Quote from: Zanza on March 29, 2015, 08:06:03 AM
Quote from: Martinus on March 29, 2015, 12:34:17 AM
Probably one of the best political cartoons from the Economist:


Do people really fear a Fourth Reich or are Nazi remarks just there to shame Germans and derive a political advantage from that.
I think history casts a long shadow. Most of the time, if things are good, we're able to all rub along by a polite amnesia - especially the UK, we've never even tried atonement as Germany has, preferring to 'move on'. But if the relationship comes under stress then I think that willed amnesia is more difficult to sustain. In many ways it's lucky that of the bail out countries, most were neutral.

I think it would take sadly little pressure in, say, Anglo-Irish relations to bring back talk of the Black and Tans, or the feckless Irish.

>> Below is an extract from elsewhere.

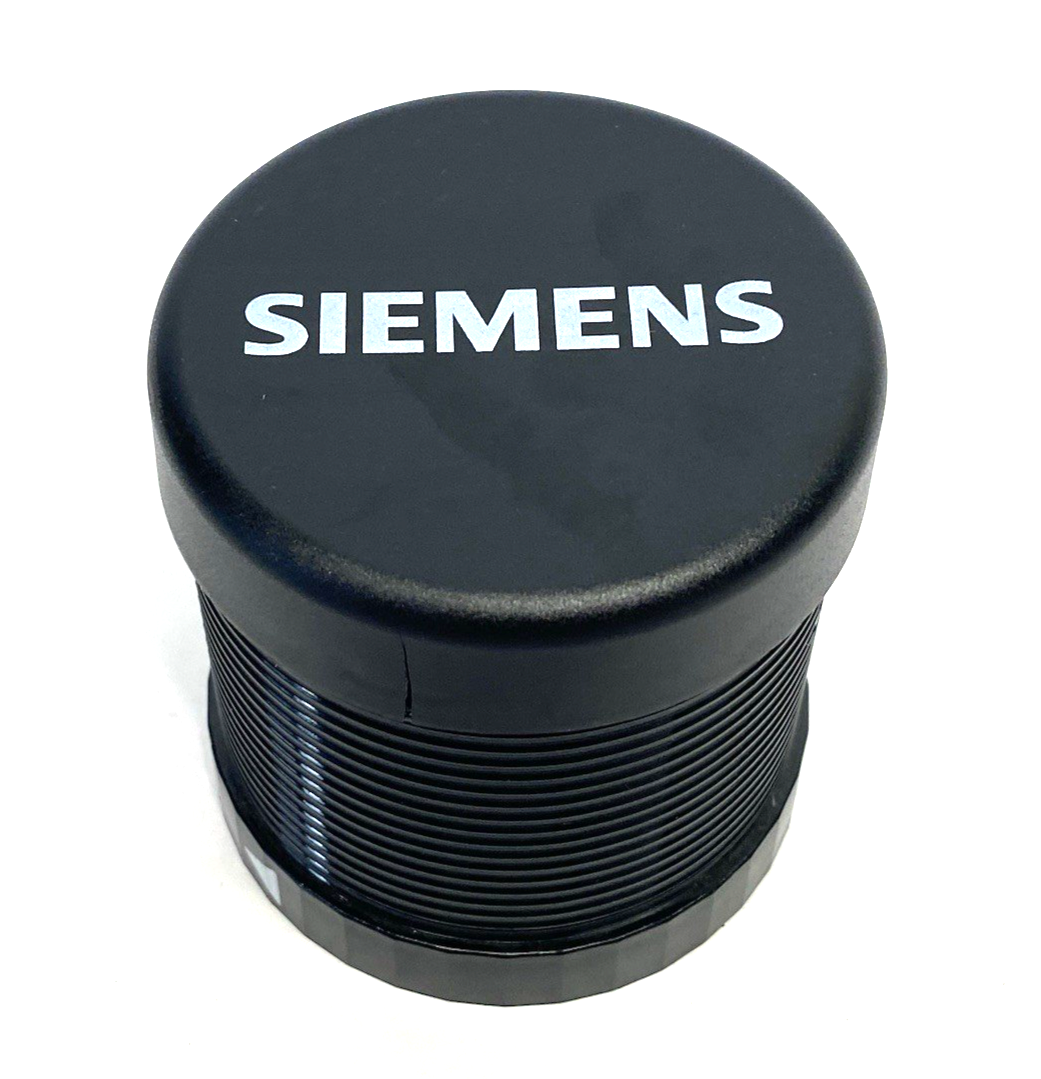 Siemens 8WD4420-0FA Buzzer Element, Continuous Tone or Pulsating, adj. 85dB - Maverick Industrial Sales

And I think it's a universal truth that victims remember longer and more freshly than the 'victors'. I was recently reading a book about gay politics in the early (legal) days and it's astonishing how much these British and American people had the Holocaust in the back of their mind. There was always that fear and memory of what happened to liberated, Isherwood's Berlin.
Let's bomb Russia!

The Brain

Quote from: Admiral Yi on March 29, 2015, 11:18:07 AM
Quote from: The Brain on March 29, 2015, 11:14:32 AM
You think they point out the irrationality of something that doesn't exist? Non-rhetorical.

Zanza didn't ask if it exists or not.  He asked if it is sincere.

So you think it is an insincere fear but it's not about getting an advantage over Germany? But still irrational?
Women want me. Men want to be with me.

Admiral Yi

Quote from: The Brain on March 29, 2015, 11:25:04 AM
So you think it is an insincere fear but it's not about getting an advantage over Germany? But still irrational?

Your posts are taking on a distinctly Razzian tint.

The Brain

Quote from: Admiral Yi on March 29, 2015, 11:26:37 AM
Quote from: The Brain on March 29, 2015, 11:25:04 AM
So you think it is an insincere fear but it's not about getting an advantage over Germany? But still irrational?

Your posts are taking on a distinctly Razzian tint.

Are you OK?
Women want me. Men want to be with me.

Razgovory

Quote from: Admiral Yi on March 29, 2015, 11:26:37 AM
Quote from: The Brain on March 29, 2015, 11:25:04 AM
So you think it is an insincere fear but it's not about getting an advantage over Germany? But still irrational?

Your posts are taking on a distinctly Razzian tint.

Well that's good.
I've given it serious thought. I must scorn the ways of my family, and seek a Japanese woman to yield me my progeny. He shall live in the lands of the east, and be well tutored in his sacred trust to weave the best traditions of Japan and the Sacred South together, until such time as he (or, indeed his house, which will periodically require infusion of both Southern and Japanese bloodlines of note) can deliver to the South it's independence, either in this world or in space.  -Lettow April of 2011

Raz is right. -MadImmortalMan March of 2017

Malthus

My kid came up with an interesting quip.

We were talking about a trip we had taken with him when he was 3 years old, when he suddenly announced "history isn't what you have lived, it is what you have remembered".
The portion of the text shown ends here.